I anticipated the book to be a bit of a let down after seeing the movie, but it really wasn't. They emphasize quite different aspects, and some parts of the movie were clearly made up with entertainment value in mind (people jumping motorcycles over fences for instance!). I can't blame the movie makers of course, because the compelling essence of this story is the daily slog of tunnelling set against the backdrop of the mind-numbing drudgery of incarceration. No movie could be long enough to get this point across, but the book allows one to build up a better picture of what captivity was like, particularly because it provides such incredible details. I was really struck by the ingenious ways the prisoners found to fake German uniforms and official passes, improvise tools, and build radios and other vital pieces of equipment. The book provides sufficient descriptions to allow you to get an impression of the main characters and camp layout, though I personally would have enjoyed a few photographs of the people involved (good and bad), though I realise these wouldn't have been easy to obtain.

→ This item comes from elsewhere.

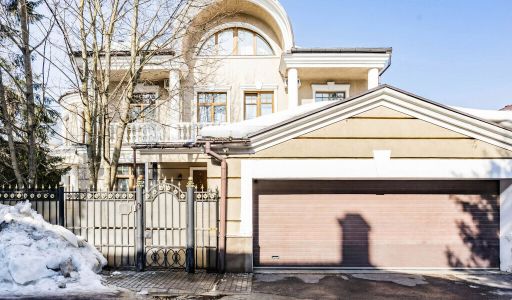 Классический дом в КП Новахово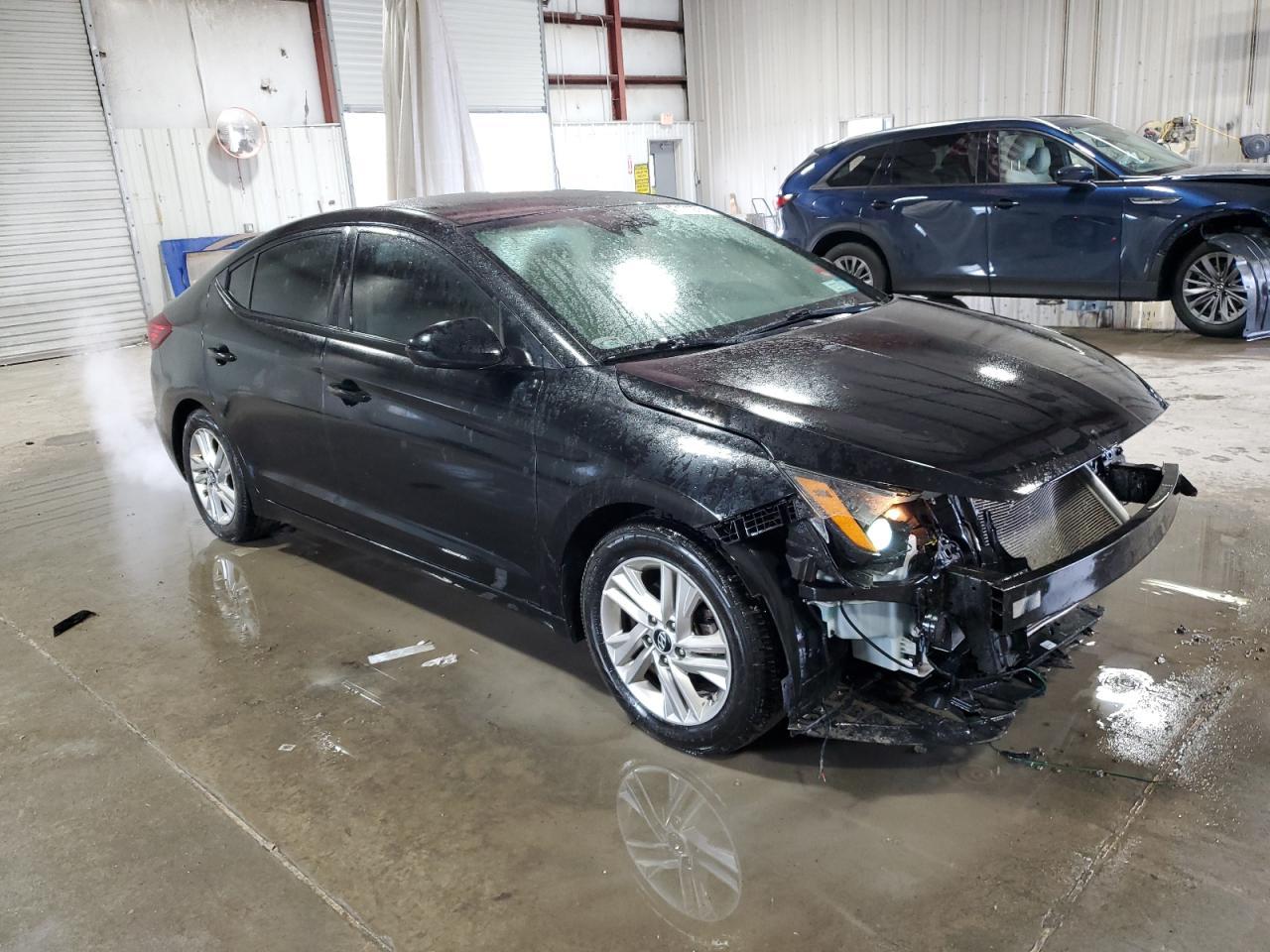 2019 HYUNDAI ELANTRA SE - Фото 4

The author has a relatively dry style typical of a historian rather than a dramatist, and at times relates key events remarkably passionately. The book ratchets up the tension without having to try too hard however, and I could sense the tension that existed whenever the guards entered the barracks to check for tunnels. The depression that accompanies every uncovered tunnel jumps out of the page, as does the resolve to keep trying to escape without ever accepting captivity.